> _Aim of the exercise_: Please output only the lines running from the one that contains "罪なき小さな肉体と心は如何に蹂躙されたのか - page11" through the last line of the data below, exactly as they stand, with no pictures.

> _Short web captions_:

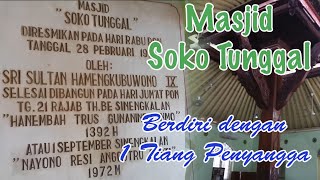 Masjid Saka Tunggal, Berdiri Hanya dengan 1 Tiang Penyangga Utama (Saka Guru)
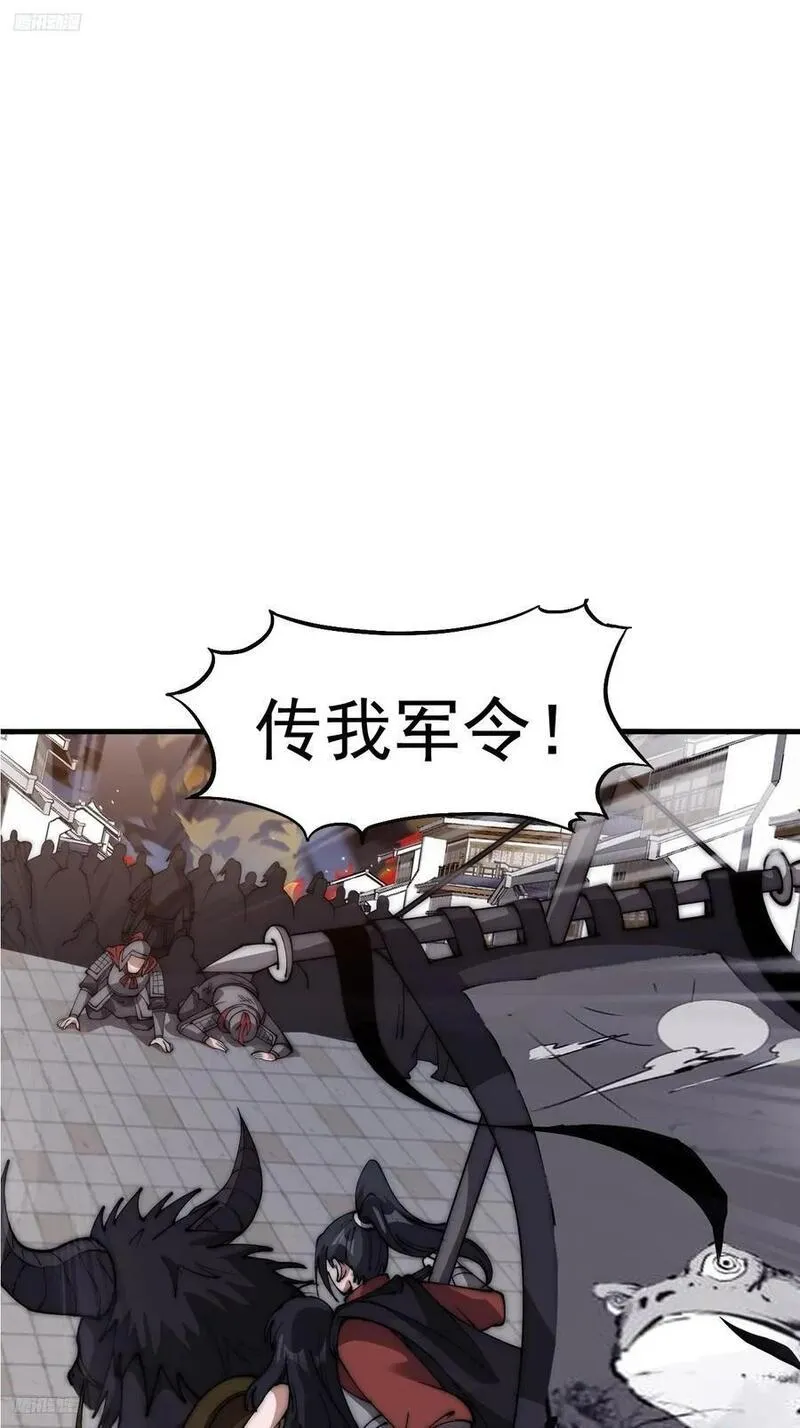 开局一座山漫画,第六百二十六话：点将3图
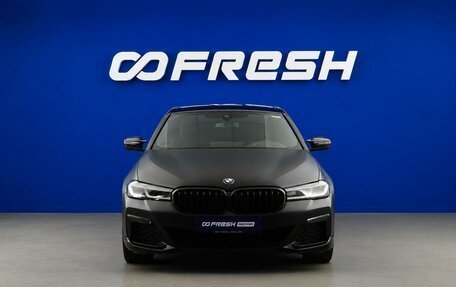 BMW 5 серия, 2021 год, 4 199 999 рублей, 3 фотография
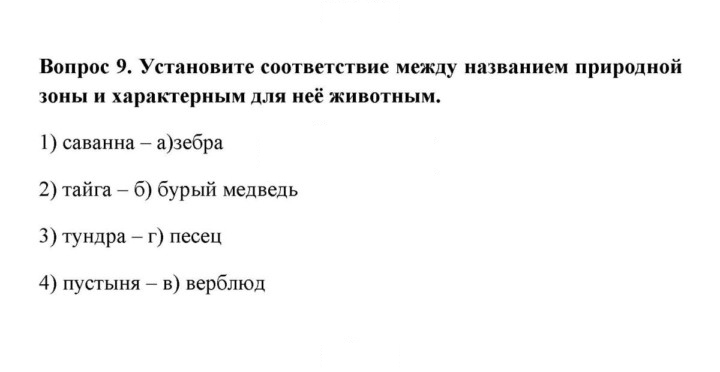 Скан решения номера 9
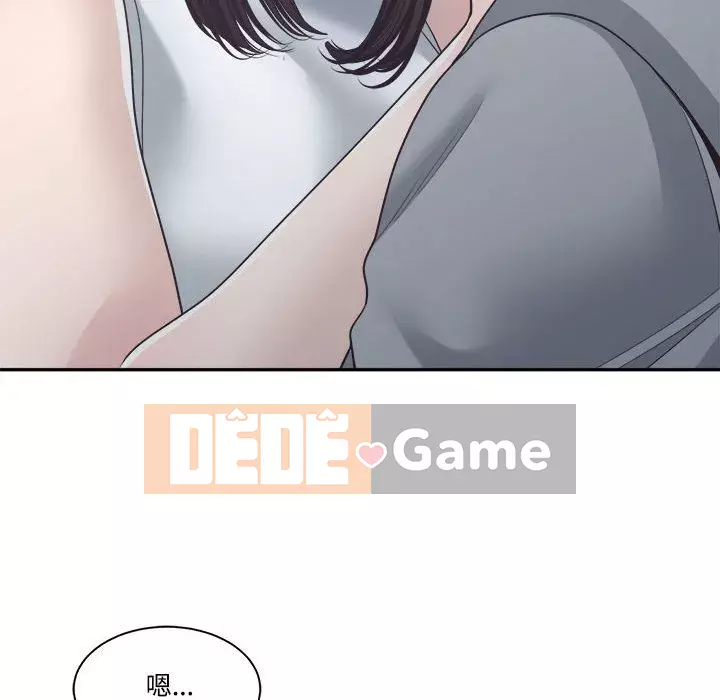 Bạn là tình yêu đích thực Chương 31-32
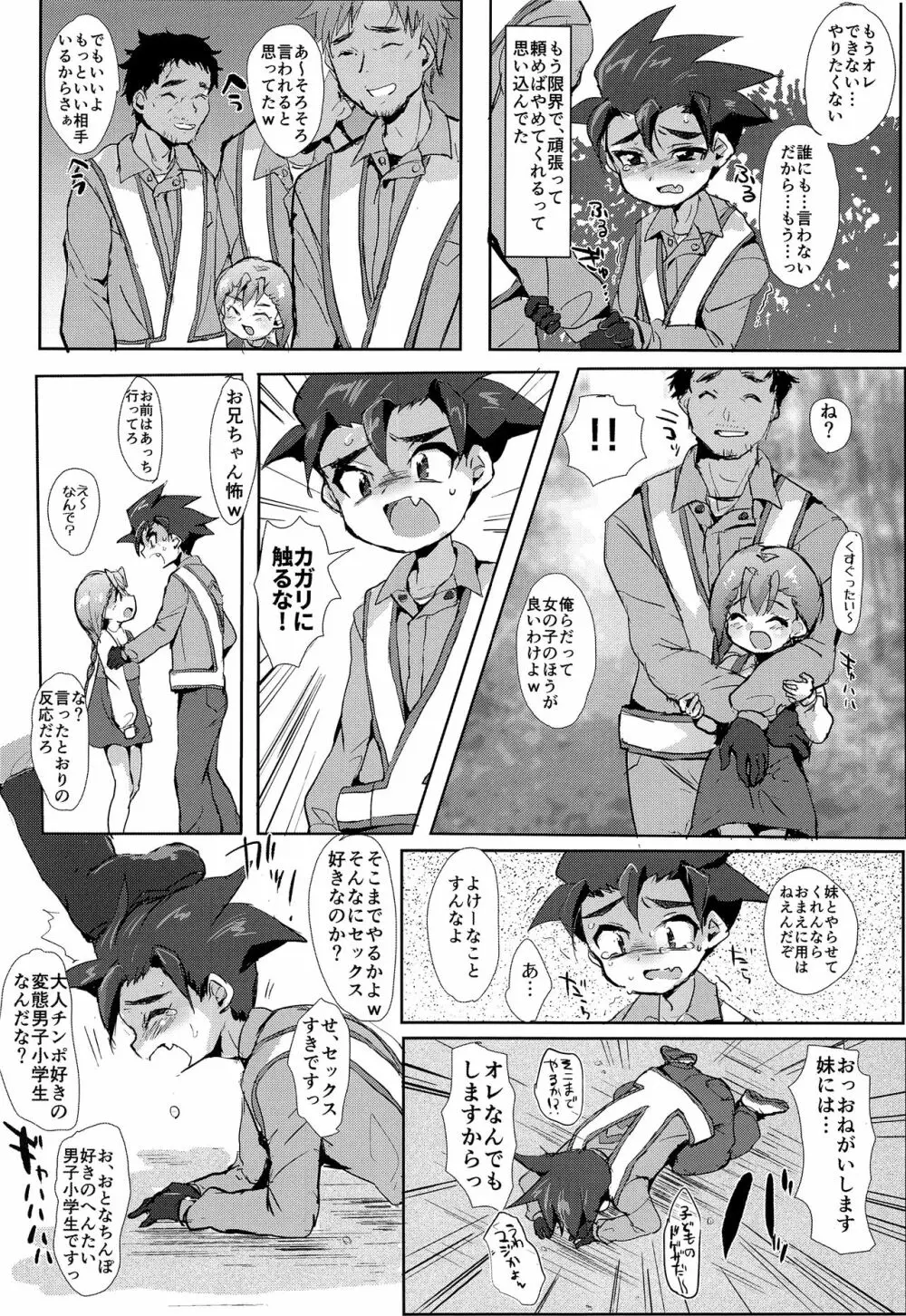 罪なき小さな肉体と心は如何に蹂躙されたのか - page11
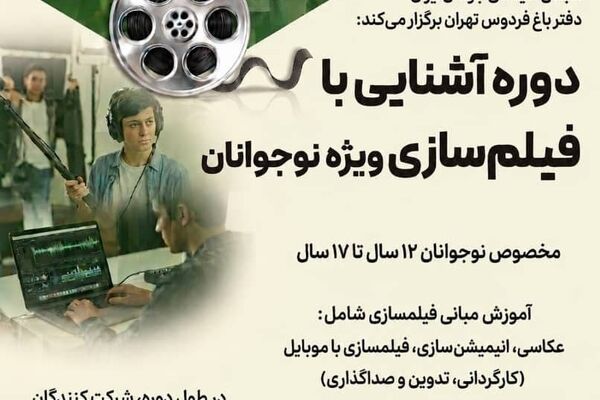 برگزاری دوره «آشنایی با فیلمسازی» در انجمن سینمای جوانان ایران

> _Output for this task_:
 罪なき小さな肉体と心は如何に蹂躙されたのか - page11
 برگزاری دوره «آشنایی با فیلمسازی» در انجمن سینمای جوانان ایران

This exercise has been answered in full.